Prefetching on Cortex-A8

Thu Apr 28 06:22:46 EDT 2011

On 24 March 2011 16:00, Trivedi Anish-R6AAKA <R6AAKA at freescale.com> wrote:
> Recently, we encountered a cache coherency issue on a Cortex-A8 based SOC
> (using DMA on a read from a device to a buffer in memory) on kernel version
> 2.6.31. After some debugging, we found that to fix the coherency problem we
> needed to port a patch found in kernel 2.6.35 related to prefetching fix for
> ARMv6 and v7 platforms that you co-authored:
>
> http://git.kernel.org/?p=linux/kernel/git/torvalds/linux-2.6.git;a=commitdiff;h=2ffe2da3e71652d4f4cae19539b5c78c2a239136
>
> However, according to ARM, Cortex-A8 only performs instruction prefetching,
> it does not  prefetch data into the cache. I am confused, then, as to why
> your patch comments that prefetching applies to DMA data. Am I missing
> something?

Even if it only prefetch instructions, it may have a unified L2 cache
that gets populated with data just because of instruction prefetching.

> Secondly, a portion of the v7 cache code is mysterious.

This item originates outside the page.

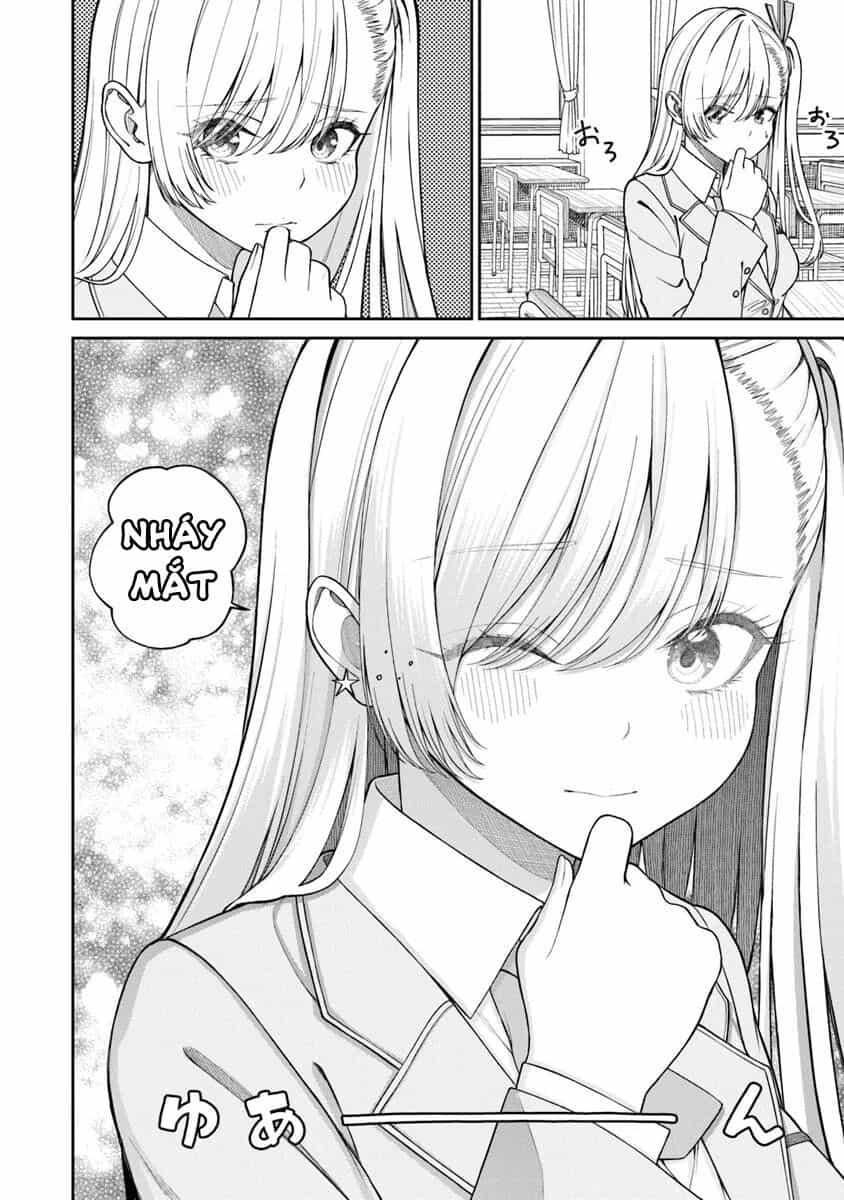 Kanojo Ni Shitai Joshi Ichii, No Tonari De Mitsuketa Amari-Chan - Chương 2.1 - ảnh 9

In the following
> file:
> http://git.kernel.org/?p=linux/kernel/git/torvalds/linux-2.6.git;a=blob;f=arch/arm/mm/cache-v7.S;h=bcd64f265870804532dc6012274bca6e398a0622;hb=2ffe2da3e71652d4f4cae19539b5c78c2a239136
>
> The v7_dma_inv_range function that is part of the patch above does an
> invalidation of the cache lines with line 230:
>
> mcr     p15, 0, r0, c7, c6, 1           @ invalidate D / U line
>
> However, according to ARM, this only performs a cache line invalidation for
> L1, it does not invalidate L2 cache lines (there is no invalidate operation
> for L1 and L2 cache lines, there is only a clean and invalidate if both L1
> and L2 cache lines are to be invalidated).

The above operation is "invalidate data cache line by MVA to PoC" (to
the point of coherency). If the L2 is an inner cache (as it may be the
case on Cortex-A8), the point of coherency is beyond L2, so the above
operations invalidates both L1 and L2 caches.

If we only specify PoU (unification), that L2 would not be invalidated.

When the L2 is an outer cache (like on some Cortex-A9 system with
PL310), Linux does explicit cache maintenance at the L2 controller
level (see the cache-l2x0.c file).

-- 
Catalin